Por ejemplo, podemos decir que cuando alguien dice de una institución que es justa, la está haciendo atractiva, y cuando dice que es injusta, la está haciendo repelente además de ilegítima. Los valores no importan por la calidad que proporcionan, sino que una vida humana sin valores no es una vida verdaderamente humana. Los valores no pueden expresarse en medidas de calidad, sino que valen por sí mismos. Debemos rechazar aquella visión donde lo más importante en este mundo son los hechos, exigiendo erróneamente que en la escuela se enseñen hechos y nada de valores, nada de espíritu. Sin embargo, sin valores no hay vida humana. La derrota de la discriminación señala un camino por el cual debemos insistir en la educación mediante los valores, reforzando la imaginación, educando en la emoción, en el corazón y en la fantasía, evitando que nuestras vidas se conviertan en vidas inútilmente inhumanas como trata de hacernos creer el tipo de sociedad tecnificada de la globalización que desiguala todo.

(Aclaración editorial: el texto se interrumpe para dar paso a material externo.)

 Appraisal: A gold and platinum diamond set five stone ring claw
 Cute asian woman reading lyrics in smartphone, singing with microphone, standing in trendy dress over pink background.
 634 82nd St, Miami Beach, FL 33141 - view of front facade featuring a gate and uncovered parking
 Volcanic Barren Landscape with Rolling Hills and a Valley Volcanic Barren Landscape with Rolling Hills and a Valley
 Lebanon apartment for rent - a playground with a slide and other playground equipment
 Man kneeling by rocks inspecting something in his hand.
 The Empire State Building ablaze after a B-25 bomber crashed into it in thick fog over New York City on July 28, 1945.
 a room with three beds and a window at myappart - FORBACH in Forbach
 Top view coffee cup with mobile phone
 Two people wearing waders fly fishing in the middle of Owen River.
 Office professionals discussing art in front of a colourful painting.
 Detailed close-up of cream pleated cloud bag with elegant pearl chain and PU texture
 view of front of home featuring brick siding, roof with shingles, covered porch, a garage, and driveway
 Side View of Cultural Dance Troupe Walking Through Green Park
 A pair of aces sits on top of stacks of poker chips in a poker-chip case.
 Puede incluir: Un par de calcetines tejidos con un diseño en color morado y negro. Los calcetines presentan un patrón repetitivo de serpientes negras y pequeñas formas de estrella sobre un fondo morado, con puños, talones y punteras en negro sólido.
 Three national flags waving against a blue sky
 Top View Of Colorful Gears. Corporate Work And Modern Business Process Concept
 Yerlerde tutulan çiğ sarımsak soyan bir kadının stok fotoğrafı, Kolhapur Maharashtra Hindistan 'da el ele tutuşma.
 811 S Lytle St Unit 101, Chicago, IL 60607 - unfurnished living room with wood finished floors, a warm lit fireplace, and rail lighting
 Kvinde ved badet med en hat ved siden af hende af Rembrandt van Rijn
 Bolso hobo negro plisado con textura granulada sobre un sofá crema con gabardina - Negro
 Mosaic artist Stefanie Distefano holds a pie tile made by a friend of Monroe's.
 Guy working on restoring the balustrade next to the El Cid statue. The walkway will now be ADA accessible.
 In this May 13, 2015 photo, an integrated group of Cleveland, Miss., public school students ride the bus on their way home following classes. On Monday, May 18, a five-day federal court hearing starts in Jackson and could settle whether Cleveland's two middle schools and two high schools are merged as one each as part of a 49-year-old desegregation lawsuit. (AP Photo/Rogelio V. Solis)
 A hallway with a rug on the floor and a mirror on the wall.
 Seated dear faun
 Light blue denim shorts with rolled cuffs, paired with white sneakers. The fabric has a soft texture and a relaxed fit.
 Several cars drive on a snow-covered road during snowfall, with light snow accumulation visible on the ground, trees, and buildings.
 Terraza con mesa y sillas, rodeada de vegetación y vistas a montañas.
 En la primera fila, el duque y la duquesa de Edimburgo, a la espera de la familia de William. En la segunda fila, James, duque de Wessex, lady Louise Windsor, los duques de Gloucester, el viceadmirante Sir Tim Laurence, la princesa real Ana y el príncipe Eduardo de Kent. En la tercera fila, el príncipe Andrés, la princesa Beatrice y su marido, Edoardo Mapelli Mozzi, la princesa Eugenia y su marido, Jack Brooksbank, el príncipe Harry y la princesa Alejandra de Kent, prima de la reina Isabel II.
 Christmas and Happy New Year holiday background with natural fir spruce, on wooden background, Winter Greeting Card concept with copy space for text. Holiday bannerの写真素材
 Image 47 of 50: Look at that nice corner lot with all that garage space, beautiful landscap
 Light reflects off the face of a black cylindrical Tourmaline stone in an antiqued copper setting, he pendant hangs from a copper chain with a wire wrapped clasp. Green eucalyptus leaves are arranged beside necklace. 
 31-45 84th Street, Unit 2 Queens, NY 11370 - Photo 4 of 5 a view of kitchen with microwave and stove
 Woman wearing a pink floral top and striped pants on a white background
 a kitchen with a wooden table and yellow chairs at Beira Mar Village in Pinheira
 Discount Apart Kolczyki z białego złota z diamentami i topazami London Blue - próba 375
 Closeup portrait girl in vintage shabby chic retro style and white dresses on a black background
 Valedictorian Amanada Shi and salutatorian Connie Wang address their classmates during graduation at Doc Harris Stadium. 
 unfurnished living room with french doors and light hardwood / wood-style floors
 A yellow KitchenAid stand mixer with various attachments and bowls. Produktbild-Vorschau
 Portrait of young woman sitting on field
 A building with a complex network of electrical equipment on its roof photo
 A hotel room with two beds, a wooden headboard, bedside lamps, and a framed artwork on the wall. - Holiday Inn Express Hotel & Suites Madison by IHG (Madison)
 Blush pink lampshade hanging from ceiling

     Vivimos en el momento oportuno para volver a creer en los valores porque merece la pena llamar plenamente humanas a las personas y a las instituciones. Los valores tienen que ser retomados apasionadamente para llevar adelante una existencia realmente humana. Los valores acondicionarán nuestras vidas para otorgarnos el estatus hermoso como seres humanos. Además, los valores están al alcance de todos pues siempre tenemos la posibilidad de ser justos, la posibilidad de ser honestos y menos discriminadores. A pesar de lo dramático que puede ser el suicidio, tenemos que acomodar de tal forma nuestras creencias a las ideas de valor que hagamos realmente posible ser justos para otorgar múltiples y tolerantes sentidos a la vida, así como ser libres sin creernos héroes invencibles, sino solamente seres humanos conscientes de ser perfectibles.